泣く子も黙る9月になってしまいました。雷鳴轟いています。湾はないか!湾はないか!

それはさておき、『ホワイトハウスダウン』。『紀元前1万年前』(だっけ)での驚くべき何もなさで、人生さえも捨て去ってしまったんじゃないかと思えたエメリッヒ渾身の一作といっていいんじゃないでしょうか。ホワイトハウスがそこにあれば、「みつけて壊そう」ってあまちゃんなノリでそれを見事に調理してくれるという才能が一人いるといないとでは現代アメリカ映画全体のノリもまた変わってくるんじゃないでしょうか。大統領にジェイミー・フォックスだもんね。
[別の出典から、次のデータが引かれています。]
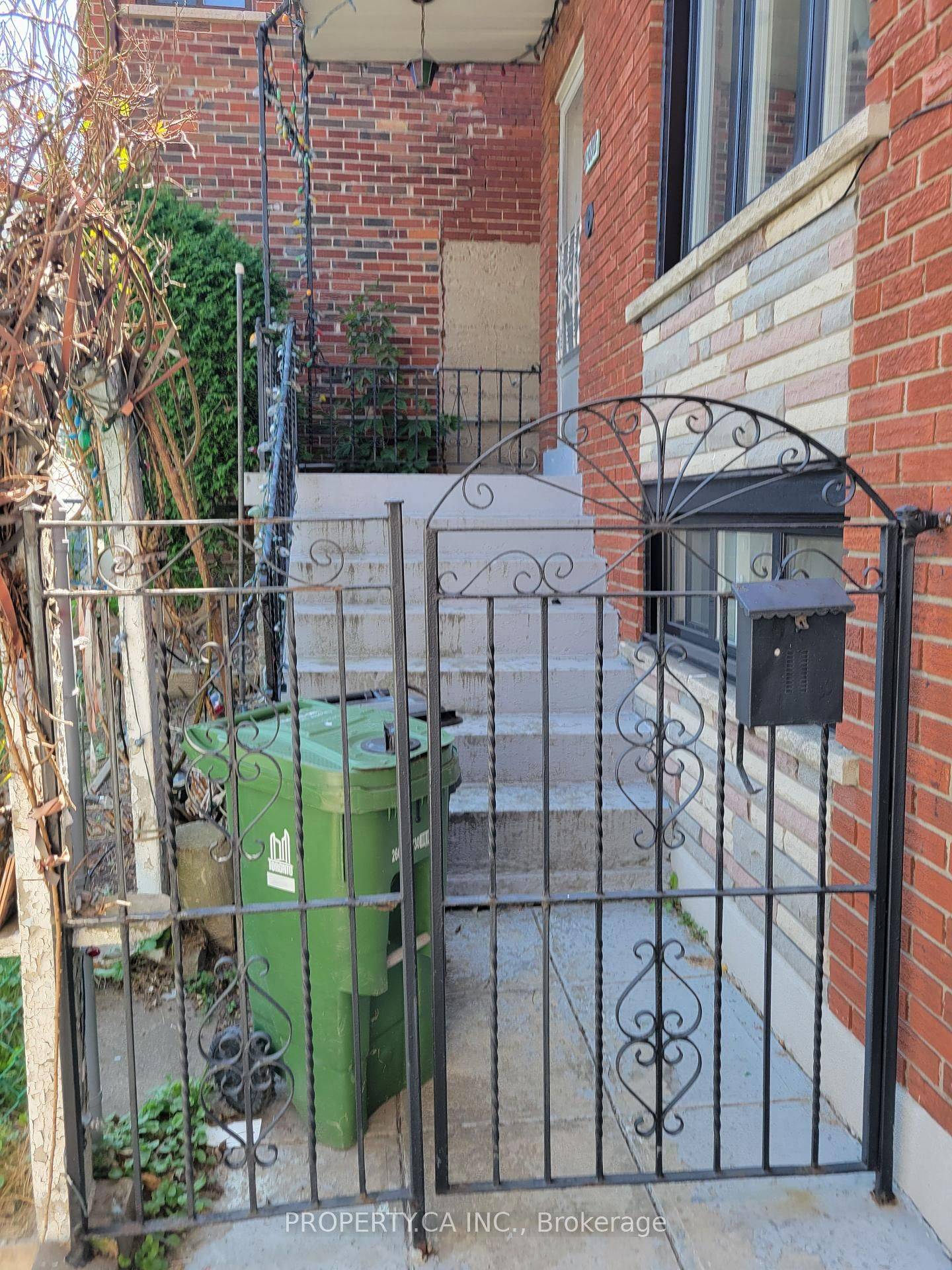 Toronto W03, ON M6E 3R7,2098 Dufferin ST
デンゼルだったらホワイトハウス壊れないもんね。ウィル・スミスだったら町とか星とかまで壊れるもんね。それで、チャニング・テイタムだもんね。ホワイトハウスにホワイトのタンクトップといったらこの人というわけだね。でも何よりマギー・ジレンホールあなたが好きです。判断を下すのも仰ぐのも迷うのも彼女の手にかかっていたらわたしはすべて許します。

学芸で旗振りを演じる役目なんていう会話の伏線を電光石火で回収してみせるあの子の一人舞台。ホワイトハウスが途端に硫黄島になり、かくしてアメリカは救われるのです。とても美しい。大統領もタンクトップも形無し。マギーはいつもの笑顔。かわいい。エイブに敬礼。今年はこれに尽きる。